• Problem to solve: What is needed is a word-for-word restatement of all the entries.

● ● ●

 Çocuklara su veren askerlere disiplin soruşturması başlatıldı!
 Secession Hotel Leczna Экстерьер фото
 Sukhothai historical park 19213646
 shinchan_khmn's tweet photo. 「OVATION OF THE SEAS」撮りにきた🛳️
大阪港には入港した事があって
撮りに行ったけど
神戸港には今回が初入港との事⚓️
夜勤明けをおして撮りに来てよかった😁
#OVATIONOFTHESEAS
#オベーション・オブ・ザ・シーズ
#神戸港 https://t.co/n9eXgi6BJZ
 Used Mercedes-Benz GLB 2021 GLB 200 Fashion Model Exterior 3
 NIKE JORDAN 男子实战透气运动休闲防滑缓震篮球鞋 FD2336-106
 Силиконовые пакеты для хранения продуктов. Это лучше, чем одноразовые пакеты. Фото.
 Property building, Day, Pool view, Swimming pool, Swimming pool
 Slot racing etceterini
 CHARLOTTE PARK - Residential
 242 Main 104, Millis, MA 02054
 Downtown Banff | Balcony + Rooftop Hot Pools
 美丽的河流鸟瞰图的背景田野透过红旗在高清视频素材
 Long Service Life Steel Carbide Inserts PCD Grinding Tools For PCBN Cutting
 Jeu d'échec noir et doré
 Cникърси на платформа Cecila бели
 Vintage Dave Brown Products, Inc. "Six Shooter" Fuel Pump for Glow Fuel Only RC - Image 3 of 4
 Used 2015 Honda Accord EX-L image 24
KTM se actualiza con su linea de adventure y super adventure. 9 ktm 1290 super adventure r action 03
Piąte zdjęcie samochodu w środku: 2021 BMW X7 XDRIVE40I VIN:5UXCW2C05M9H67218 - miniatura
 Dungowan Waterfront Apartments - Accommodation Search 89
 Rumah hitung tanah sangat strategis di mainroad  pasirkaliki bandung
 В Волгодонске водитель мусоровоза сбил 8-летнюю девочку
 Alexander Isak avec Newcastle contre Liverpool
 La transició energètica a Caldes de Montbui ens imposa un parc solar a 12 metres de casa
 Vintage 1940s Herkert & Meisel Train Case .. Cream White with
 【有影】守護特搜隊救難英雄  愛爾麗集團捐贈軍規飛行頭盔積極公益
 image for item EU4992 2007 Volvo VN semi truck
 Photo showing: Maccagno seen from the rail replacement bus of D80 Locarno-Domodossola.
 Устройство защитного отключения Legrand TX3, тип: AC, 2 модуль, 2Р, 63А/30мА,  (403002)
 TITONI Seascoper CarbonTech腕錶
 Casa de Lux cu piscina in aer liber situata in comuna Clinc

● ● ●

• Written reply:
 Çocuklara su veren askerlere disiplin soruşturması başlatıldı!
 Secession Hotel Leczna Экстерьер фото
 Sukhothai historical park 19213646
 shinchan_khmn's tweet photo. 「OVATION OF THE SEAS」撮りにきた🛳️
大阪港には入港した事があって
撮りに行ったけど
神戸港には今回が初入港との事⚓️
夜勤明けをおして撮りに来てよかった😁
#OVATIONOFTHESEAS
#オベーション・オブ・ザ・シーズ
#神戸港 https://t.co/n9eXgi6BJZ
 Used Mercedes-Benz GLB 2021 GLB 200 Fashion Model Exterior 3
 NIKE JORDAN 男子实战透气运动休闲防滑缓震篮球鞋 FD2336-106
 Силиконовые пакеты для хранения продуктов. Это лучше, чем одноразовые пакеты. Фото.
 Property building, Day, Pool view, Swimming pool, Swimming pool
 Slot racing etceterini
 CHARLOTTE PARK - Residential
 242 Main 104, Millis, MA 02054
 Downtown Banff | Balcony + Rooftop Hot Pools
 美丽的河流鸟瞰图的背景田野透过红旗在高清视频素材
 Long Service Life Steel Carbide Inserts PCD Grinding Tools For PCBN Cutting
 Jeu d'échec noir et doré
 Cникърси на платформа Cecila бели
 Vintage Dave Brown Products, Inc. "Six Shooter" Fuel Pump for Glow Fuel Only RC - Image 3 of 4
 Used 2015 Honda Accord EX-L image 24
KTM se actualiza con su linea de adventure y super adventure. 9 ktm 1290 super adventure r action 03
Piąte zdjęcie samochodu w środku: 2021 BMW X7 XDRIVE40I VIN:5UXCW2C05M9H67218 - miniatura
 Dungowan Waterfront Apartments - Accommodation Search 89
 Rumah hitung tanah sangat strategis di mainroad  pasirkaliki bandung
 В Волгодонске водитель мусоровоза сбил 8-летнюю девочку
 Alexander Isak avec Newcastle contre Liverpool
 La transició energètica a Caldes de Montbui ens imposa un parc solar a 12 metres de casa
 Vintage 1940s Herkert & Meisel Train Case .. Cream White with
 【有影】守護特搜隊救難英雄  愛爾麗集團捐贈軍規飛行頭盔積極公益
 image for item EU4992 2007 Volvo VN semi truck
 Photo showing: Maccagno seen from the rail replacement bus of D80 Locarno-Domodossola.
 Устройство защитного отключения Legrand TX3, тип: AC, 2 модуль, 2Р, 63А/30мА,  (403002)
 TITONI Seascoper CarbonTech腕錶
 Casa de Lux cu piscina in aer liber situata in comuna Clinc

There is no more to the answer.